* _Try it_
Every record is to be printed exactly as written; pictures are to be omitted.

* _Source records_
========================================================================

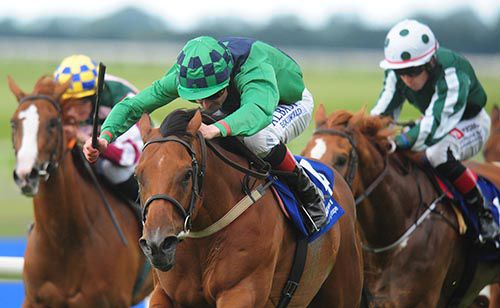 Have A Nice Day in front in the closing stages at the Curragh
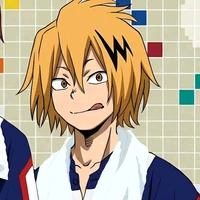 kaminari denki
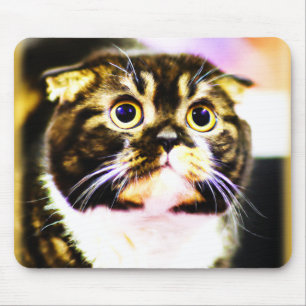 Hilarious Photo of a Funny Cat. Buy Now Mouse Pad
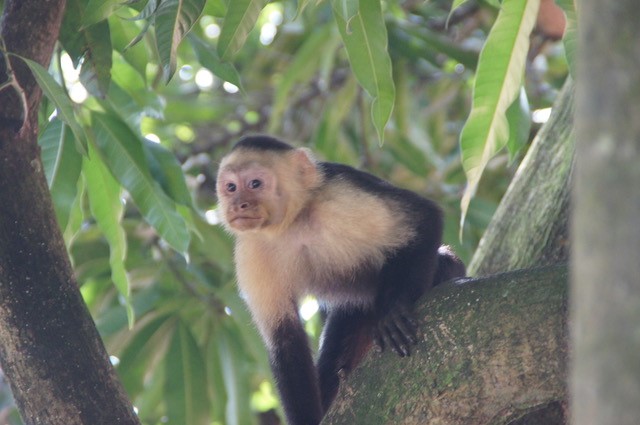 Kapuzineräffchen im Manuel Antonio Nationalpark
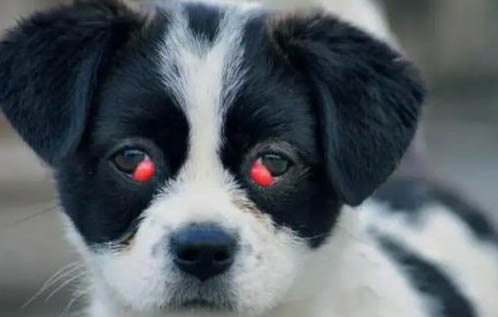 狗狗冠状病毒葡萄糖喂多少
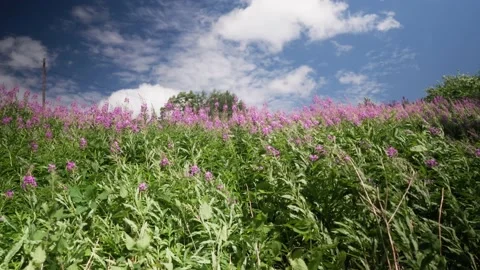 Summer wind blows on Fireweed Stock Footage 169625266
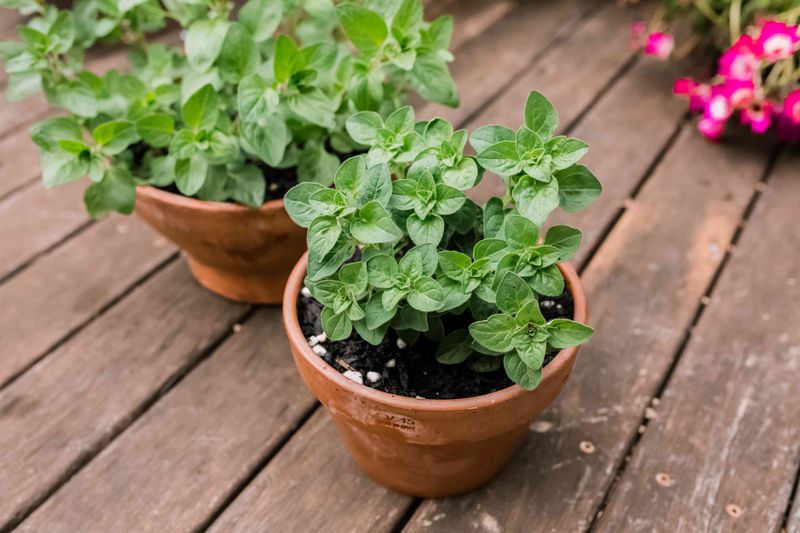 Oregano Is A Hardy Perennial For Italian Nights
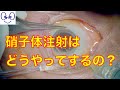 硝子体注射（抗VEGF抗体）の仕方　Intravitreal injection of anti-VEGF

========================================================================

* _Solution to the exercise_
 Have A Nice Day in front in the closing stages at the Curragh
 kaminari denki
 Hilarious Photo of a Funny Cat. Buy Now Mouse Pad
 Kapuzineräffchen im Manuel Antonio Nationalpark
 狗狗冠状病毒葡萄糖喂多少
 Summer wind blows on Fireweed Stock Footage 169625266
 Oregano Is A Hardy Perennial For Italian Nights
 硝子体注射（抗VEGF抗体）の仕方　Intravitreal injection of anti-VEGF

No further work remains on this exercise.